TASK REQUIREMENTS: Starting at the line with "Loe 26fw belted mini skirt", repeat every line exactly until the records end, including the last one.

Data excerpts:
┌──

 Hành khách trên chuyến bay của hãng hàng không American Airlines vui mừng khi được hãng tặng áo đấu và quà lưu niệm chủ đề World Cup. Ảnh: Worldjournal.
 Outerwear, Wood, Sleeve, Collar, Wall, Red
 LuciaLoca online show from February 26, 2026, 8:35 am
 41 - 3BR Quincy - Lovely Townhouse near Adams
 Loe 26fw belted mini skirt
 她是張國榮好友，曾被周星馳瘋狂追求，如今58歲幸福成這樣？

└──

ANSWER TO THE PROBLEM:
 Loe 26fw belted mini skirt
 她是張國榮好友，曾被周星馳瘋狂追求，如今58歲幸福成這樣？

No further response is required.